The Greenwich Historical Society’s exquisite current exhibition, An Eye to the East: The Inspiration of Japan, looks at the influence of Japanese art and culture in the late 19th and early 20th centuries with a special emphasis on the Cos Cob art colony. The contribution of Genjiro Yeto, who studied under John Henry Twachtman at the Art Students League in New York and spent part of each year from 1895 to 1901 at the Holley House, is explored; this gallery features a recent and important donation of his work to the Historical Society by his granddaughter Yukiko Tanaka. Here are photos of some items you will see including paintings, prints, photographs, carvings, ceramics and textiles.
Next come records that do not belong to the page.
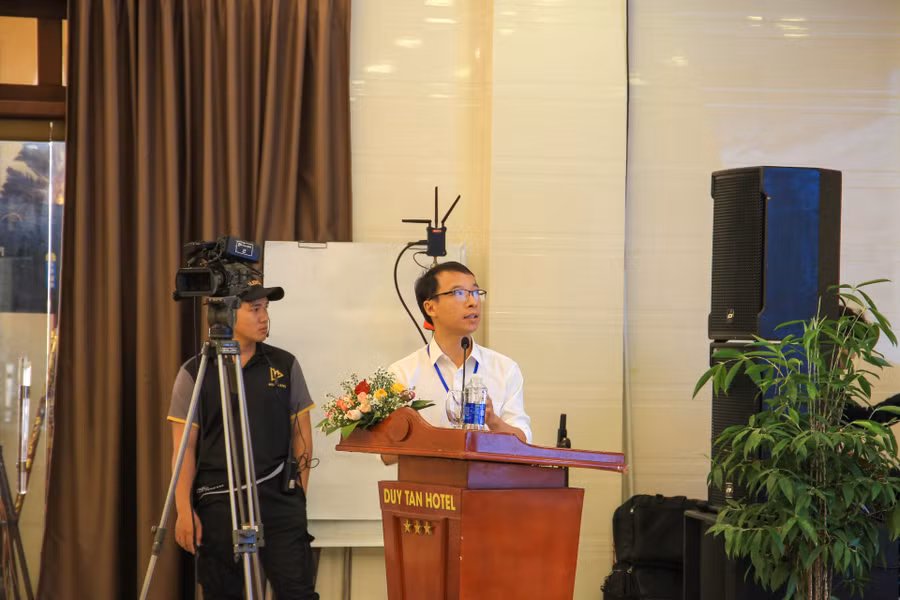 Ths. Nguyễn Quang Tám - Khoa Y học cổ truyền, Trường ĐH Y - Dược, ĐH Huế trình bày báo cáo tại Hội thảo.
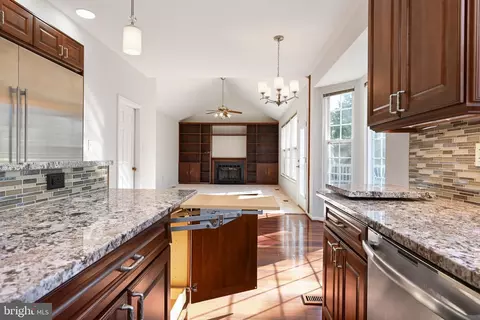 3691 Thomasson Crossing Dr, Triangle, VA 22172 photo 27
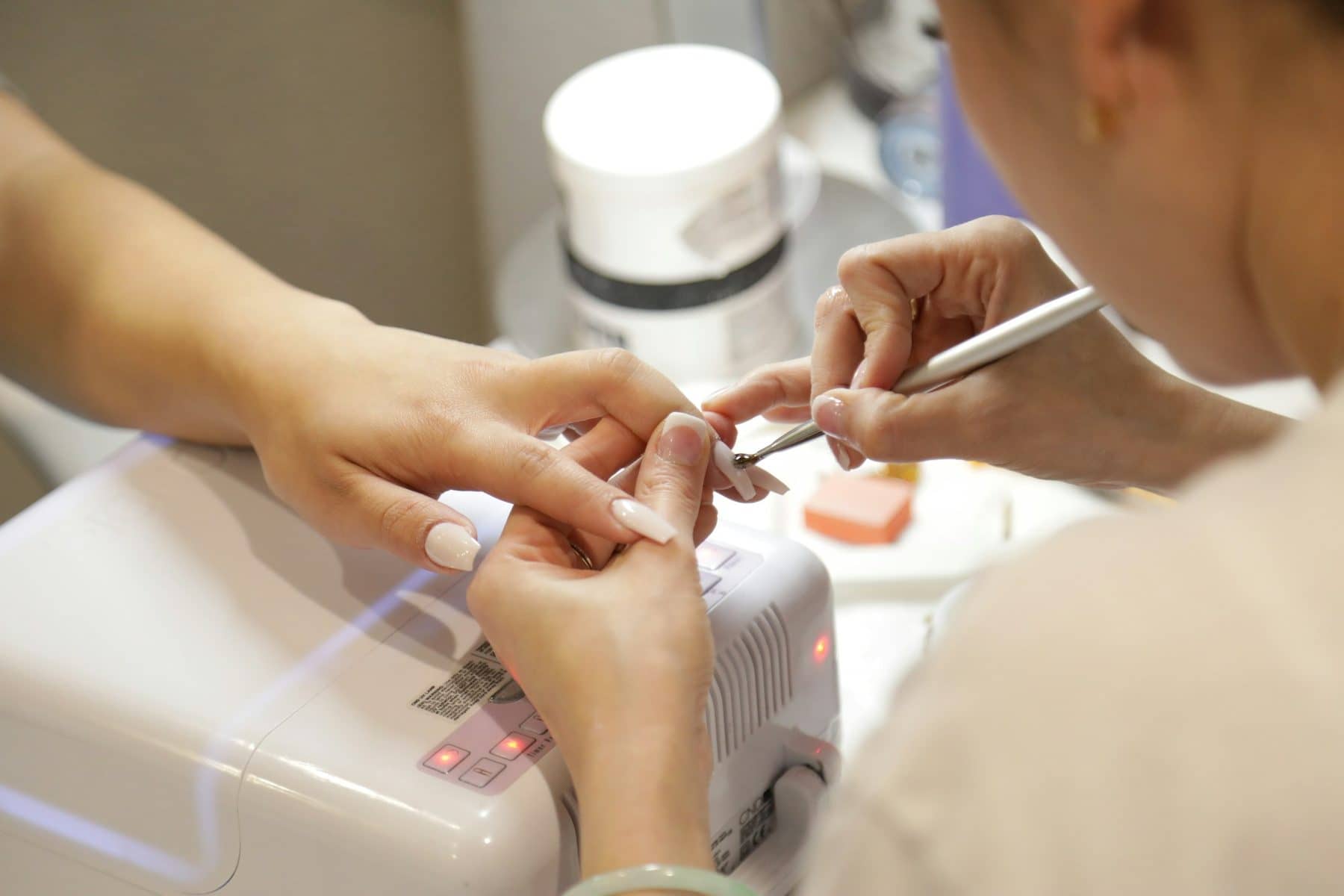 Mbjellje thonjsh në proces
In 1854 a treaty opened trade between the United States and Japan, a nation that had been closed until that point. Within a year, French artist Félix Bracquemond “discovered” the woodblock prints of Hokusai and circulated them among his Paris art circle. Their influence was immediate, and visiting Cos Cob artists John Henry Twachtman, J. Alden Weir and Childe Hassam all took note. Within a few years, a fascination with Japanese art and culture began to sweep Europe and, following the Civil War, the phenomenon took America by storm as well.
To find out more about the exhibition from the curator herself, Karen Frederick, listen to her podcast, originally broadcast on WGCH.
An Eye to the East: The Inspiration of Japan will run through February 26, 2017 at the Storehouse Gallery, Greenwich Historical Society, 39 Strickland Road, Cos Cob, CT 06807. Exhibition hours are from noon to 4:00 pm, Wednesday through Sunday. Regular admission is $10 for adults, $8 for seniors; admission is always free to members and children under 18 and free to all on the first Wednesday of each month.
“The Curator’s Eye” tours are offered on Wednesdays, Saturdays and Sundays at 12:15 pm. These informal, 20- to 30-minute docent-led gallery tours focus on exhibition highlights, themes and background stories that provide a framework for better understanding the art and objects on display.